Intel has purchased the Open Networking Foundation’s (ONF) development team as well as Ananki, an independent venture-backed company that was recently spun out of the ONF to supply open source-based Software-Defined Private 5G as a commercial service, according to the release. The financial details were kept under wraps.
Guru Parulkar, the ONF Executive Director, has joined Intel as Vice President of the Network and Edge Group, reporting to Nick McKeown, the founding ONF board member and Senior Vice President and General Manager of Intel’s Network and Edge Group. In addition, the majority of ONF’s internal development team will join Intel’s workforce.
As it transitions away from code development by an internal team, the Open Networking Foundation (ONF), which was founded in 2011 with the mission of transforming networking by championing software-defined networking (SDN), disaggregation, and open source, has released all of its projects to open source with permissive software licences. To that purpose, ONF has made its full portfolio of production-ready platforms open sourced, including solutions for public 5G (SD-Core, SD-RAN), private 5G networks (Aether), software-defined broadband (SEBA/VOLTHA), and P4 programmable networks (SD-Fabric, PINS).
As the ONF transforms into a more traditional open source organisation, Timon Sloane will serve as General Manager, and new Area Governance Boards will be formed to guide the major project areas.

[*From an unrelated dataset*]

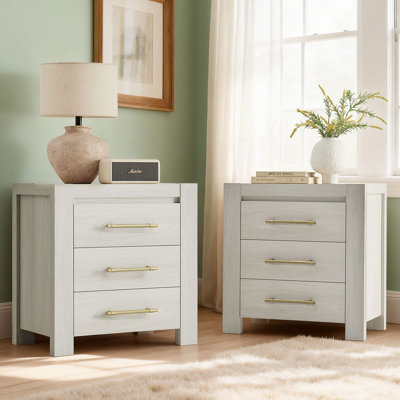 Nightstands With Three Drawers, Set Of 2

“ONF has made important contributions to the industry with its software-defined development projects, and I am confident that its move to a community-sourced model as part of its next stage of growth will fuel further contributions as the industry and its needs advance,” said Nick McKeown, founding ONF board member and Senior Vice President and General Manager of the Network and Edge Group at Intel. “As a result of ONF’s shift in direction, we are pleased to welcome ONF’s development team to Intel. We look forward to our continued contributions to ONF projects, the ongoing success of ONF-developed platforms, and our active participation in the ONF community.”
“ONF’s journey has been transformational,” said Guru Parulkar, VP Intel NEX and Board Member, ONF. “In collaboration with our partners, our small amazing team has challenged the status quo and ignited the SDN movement. We have built platforms that naysayers said were doomed to fail, we’ve proven what’s possible, and today a number of our platforms have been deployed in production networks and others are now production ready and expected to be broadly adopted. I’m exceptionally proud of our team and of the work we have accomplished to date – but our work is not done. Today we are simply shifting to a new model optimized for the next phase of our transformative journey towards open networking. While ONF’s engineering team is moving to Intel, the work of ONF proceeds unabated, and I’m more bullish than ever that its impact will continue to grow.”